Прислушайся к голосу крови: судить мать?., где право! Но вся его жизнь - следствие любви! вся ее жизнь - следствие предательства! Каждый платит. А я? «за грехи отцов»... Когда любишь - ищешь свою вину. Я бы хотела, чтоб его не существовало вообще! и хочу принять и на себя ту тяжесть, что на нем. Я чувствую себя виноватой - в чем?.. Разве можно разлюбить самых родных людей - что бы ни обнаружилось на их совести: они постигнуты не знанием - нутром; они те же для тебя!
И все-таки... стена, пролегла стена... за этой стеной они... он - преступный... жалость к нему? уважение? боль... он ближе мне чем-то, чем она. Она - единственный родной человек, он - должен стать чужим! но в душе они смещаются с предназначенных разумом мест: он - ближе, она - дальше.

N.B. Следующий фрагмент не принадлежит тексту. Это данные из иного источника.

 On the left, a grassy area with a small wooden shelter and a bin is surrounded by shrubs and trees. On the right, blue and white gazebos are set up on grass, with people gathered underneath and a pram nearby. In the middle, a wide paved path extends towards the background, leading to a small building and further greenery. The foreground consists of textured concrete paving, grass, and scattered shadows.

От чего бы ты не отрекался - ты отрекаешься от себя. Но невозможно обрести себя, отрекаясь вторично. Мера верности - поступок, а не время. Он остался верен: она не должна жить с тем, кого знает как убийцу любимого; она не должна остаться с его безнаказанностью. Она! которая стыдилась родить меня без формальностей - от любимого! «незаконнорожденная...» не упомянула мне об отце! Пусть же хоть сейчас сумеет быть верной; она должна ждать его, она должна остаться с ним. Не только ради него - ради себя; иначе что же от нее останется.
Мне трудно жить с ней, даже видеть... Я уеду отсюда... выйду замуж, стану ей помогать... Мы никогда больше не сможем быть втроем, это невозможно... Но с ней я не буду - ради него? скорее, может, ради нее же.
11
- Меньше всего руководствовался я снисхождением, «гуманизьмом». Будь моя воля - не жить ему. Это как человек. А как судья - что ж, закон. Рассуждая логически, житейски, не следовало ли бы вообще его не наказывать? Исправляться ему - некуда, так сказать. Исходи наш закон из десяти или двадцатилетнего срока ненаказуемости за давностью - так и случилось бы. Справедливо?

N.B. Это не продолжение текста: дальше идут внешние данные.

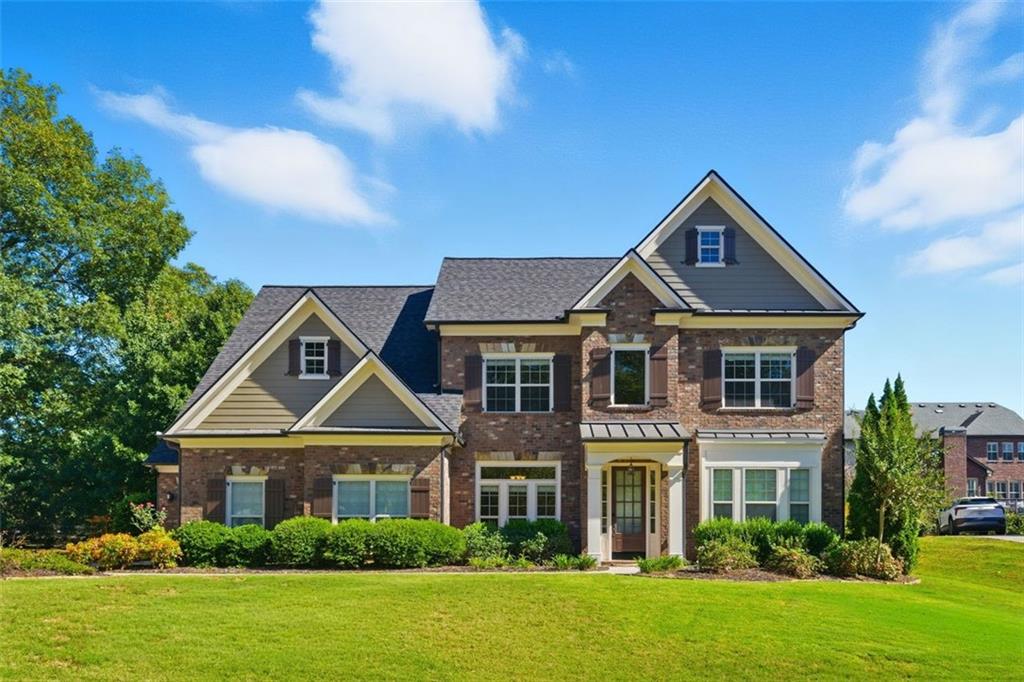 12115 Spence Way Alpharetta, GA 30004 - Photo 1 of 46 a front view of a house with a yard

Конечно - повинная... Заяви хоть жена - суд не имел бы ни единой улики; хозяйка та умерла, дом снесен... абсолютно недоказуемо. «Фактически - всей остальной жизнью своей он искупал совершенное преступление, являя и своим трудом, и своим поведением без преувеличения сказать пример для любого члена общества...»

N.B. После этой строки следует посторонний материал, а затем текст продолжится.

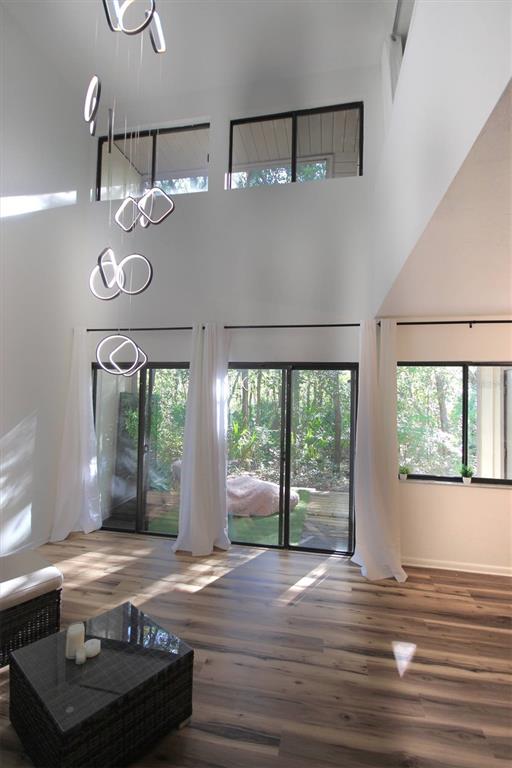 315 Southwest 54th Drive Gainesville, FL 32607 - Photo 3 of 36 a view of a livingroom with furniture wooden floor and windows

Именно - здесь заковырка. Так у людей может составиться представление, что нет разницы между преступником и порядочным человеком. Убил - и живи дальше на благо ближних и собственное. Подрывается вера в целесообразность закона?., гораздо хуже, закон - лишь отражение необходимости жизни; подрывается вера в необходимость быть человеком.
Но - с колечком, а!.. Конечно - он избавился от него на следующий же день. Такие делал один кустарь-ремесленник, старичок и сейчас жив, промышляет помаленьку. И дочь их - просто купила похожее! он его и увидел.
Осуждение
-
Любовь моя, осень, - изрекаю я. - Когда приходит знание и покой, весна раздражает, пора беспокойства, и я жду сентября.
-
Ста-ре-ешь, - улыбается Анна.
-
Так, - перестаешь проповедовать, что раньше было лучше, и это старость: ясность и смирение.
-
Мужчина излагает кристально, - кивает бородатый из угла. Грязноволосые эстеты, мудрецы в поисках жратвы и аудитории, богема без искусства: шайка идиотов. Отыскиваю на столе невыпитую рюмку. «А в Швеции, - повествует мымра в свитере, - вместо «Нет выхода» над задними дверьми автобусов пишут «Выход с другой стороны» - чтоб уменьшить число самоубийств». Интеллектуи отдают дань проблеме самоубийств и мудрости шведов, переходя к обсуждению свободы секса. Все они гении в сослагательном наклонении. Моя причастность томительна. «Не злись, - трогает меня Анна, - лучше мы убьем время, чем оно убьет нас». Туда же.
-
Мы сейчас пойдем в ту комнату и закроем дверь, - говорю, - или побудь-ка одна, моя юная грация тридцати восьми лет.
-
С римской прямотой, - констатирует с удовольствием бородатый. «Вы умрете не от своей руки», - отворачиваюсь.
-
Ты... ты... - Анна изображает готовность к эффектному жесту.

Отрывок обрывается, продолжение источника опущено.